When it comes to credit card fraud, there are several different types. Below, we’ve reviewed five of the most common types.
Under New Jersey law, physically altering a credit card is considered to be a form of credit card fraud. Examples of this may include embossing false numbers on a card or adding a magnetic strip to a card to change its coding. Additionally, increasing the credit limit on a card without authorization of the cardholder is also interpreted as fraud.
Although this type of fraud seems fairly straightforward, the term “theft” may have a variety of meanings. New Jersey statutes recognize six different types of credit card theft:
- Taking a card without the owner’s consent
- Signing a credit card without authorization
- Receiving and accepting a lost, misplaced, or mistakenly delivered card
- Manufacturing a counterfeit card or modifying an existing card
- Buying or selling a card from an entity other than the issuer
- Accepting a credit card as security on a debt
In recent years, organized underground groups referred to as credit card forums have set up shop on the internet in order to sell and exchange stolen credit card information. In the state of New Jersey, if you possess more than two stolen credit cards, the law presumes you are guilty of credit card theft.
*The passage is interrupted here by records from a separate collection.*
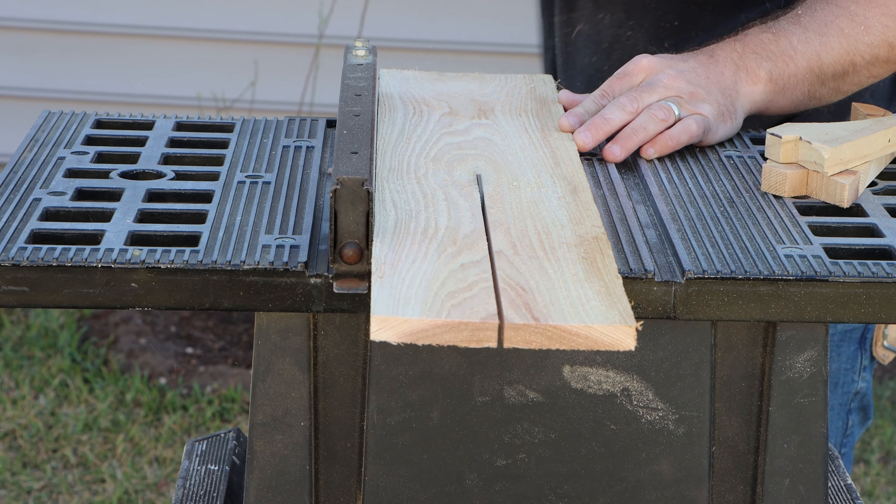Your planter beds are now complete. If you liked this video please like and subscribe, and if you want to see my videos as soon as they come out, hit that notification bell. See you next time!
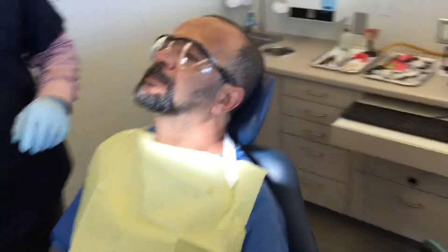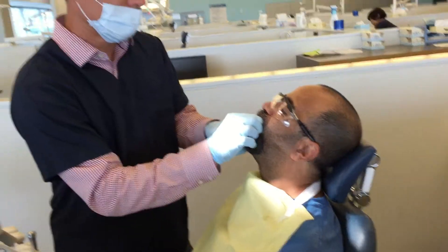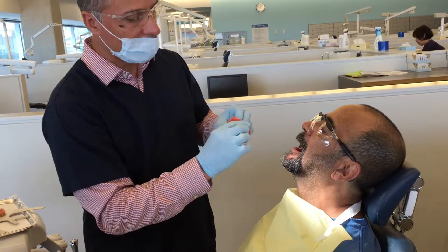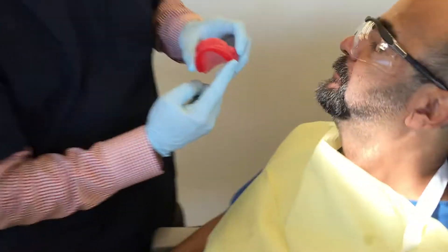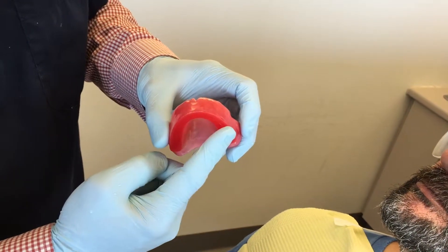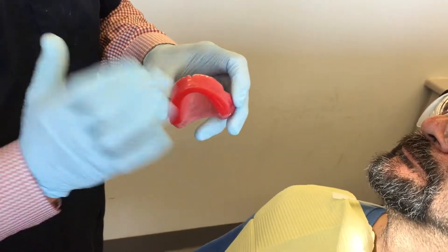The way I've started out with this bite block, it's an estimated length and width where we're going to start. I need to build it up here a little bit, so we're going to take a little time to build this up with some wax. I'm going to re-contour it to have a nice flat surface and then we'll check again with the Foxplane.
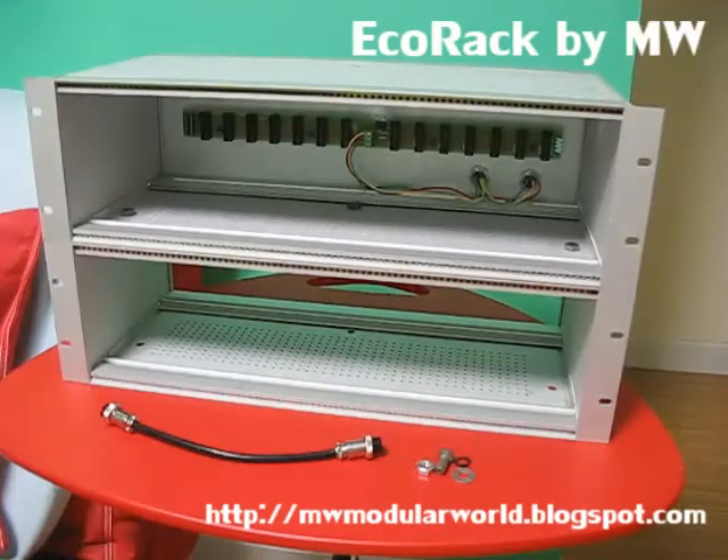Hello, please allow me to introduce you to the new MW EcoRack. The EcoRack is a rack system for the popular Eurorack modular synthesizer.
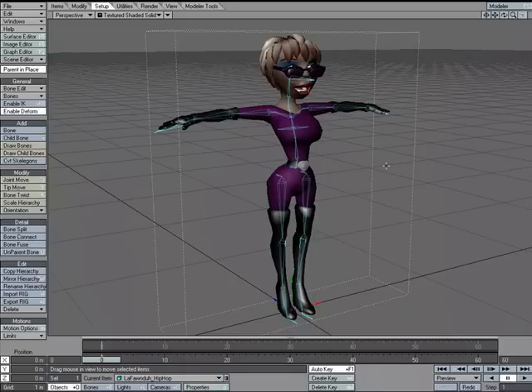If you find yourself rigging items that are very similar to other items you've rigged, you might want to take advantage of the RIG format, which allows you to export one rig and then import it into another item. A good use for this is if you're building a lot of biped characters with a very similar structure — there's no reason to start from scratch each time. Let's take a look at how the RIG format works.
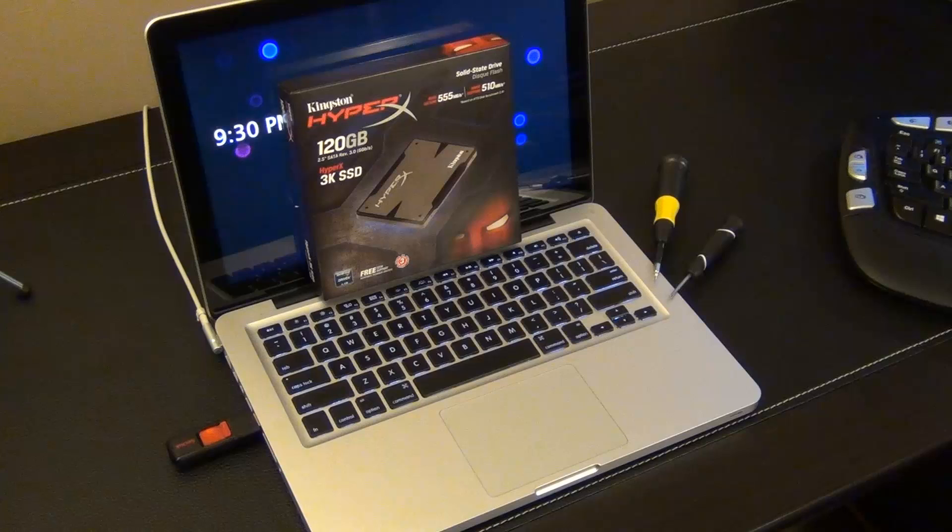Hello and welcome to Sake Tech. In today's video I will show you how to upgrade the hard drive in your MacBook Pro to a solid state hard drive. By doing this you'll get an amazing performance and speed upgrade. It's actually a very easy process — all you do is swap the existing hard drive with a solid state hard drive.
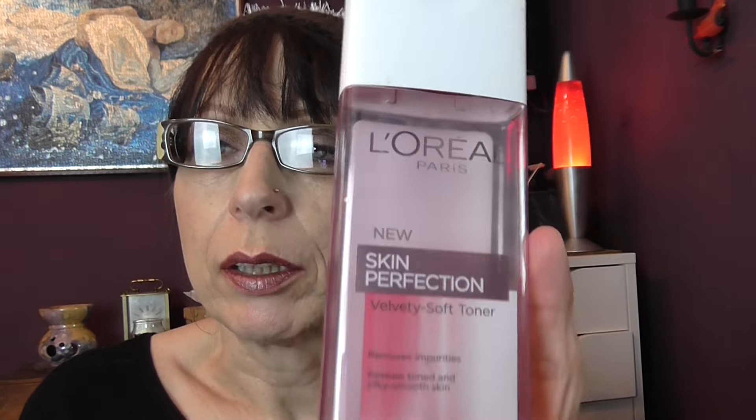I have another L'Oreal Paris — New Skin Perfection velvety toner that removes impurities. It's a nice toner, but I like the one I'm using at the moment better. It is a L'Oreal one — the Age Perfect smoothing toner. I like to change things up sometimes — I'll change brands completely, sometimes just change something within the same brand — but I always tend to find something better.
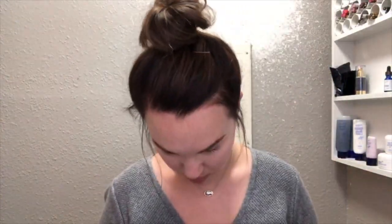First I'm going to go in with Mocha Java shadow. I'm just going to take it right off of the wand with a brush and put it in my crease, really all over my eyelid. So that's just kind of my base.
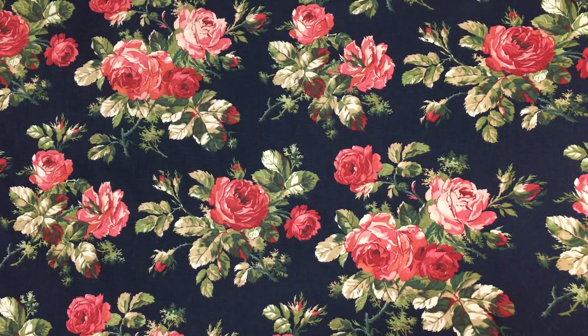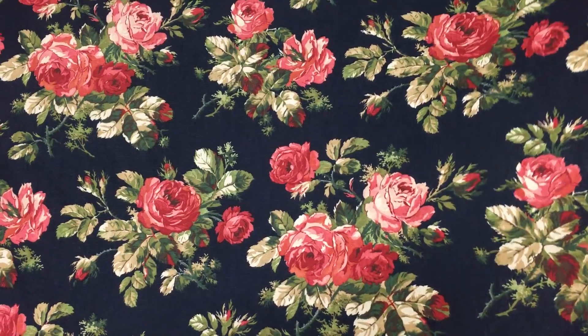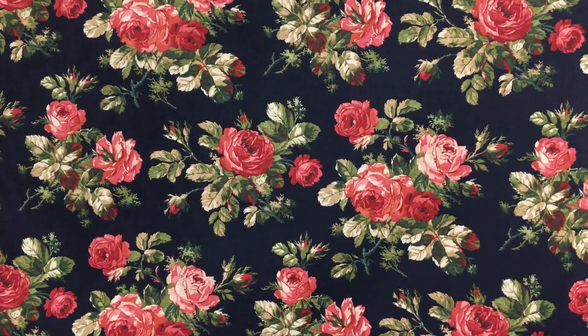This Kaufman Wynwood black drapery fabric is 54 inches wide. It's printed, and it has black, rose, red, and greens.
This type of fraud is committed by using a small device in order to obtain another person’s credit card information. This device may be placed on the swipe mechanism of ATM’s or gas pumps. Workers of the retail and restaurant industry also have ample opportunity to steal credit card information by using handheld skimmers as they complete payment transactions.
If you have been accused of taking over a credit card account, this means that you are believed to have obtained the account owner’s personal information in order to obtain a new credit card in the legal cardholder’s name by reporting a change in address or that the original card was lost, stolen, or misplaced.
No matter how minimal or innocent it may seem, using false information and statements to obtain a line of credit is illegal. This means that applicants who use a false name or other inauthentic identifying pieces of information can be charged with credit card fraud. Likewise, being dishonest about your financial standings in hopes of obtaining a higher line of credit is also fraudulent.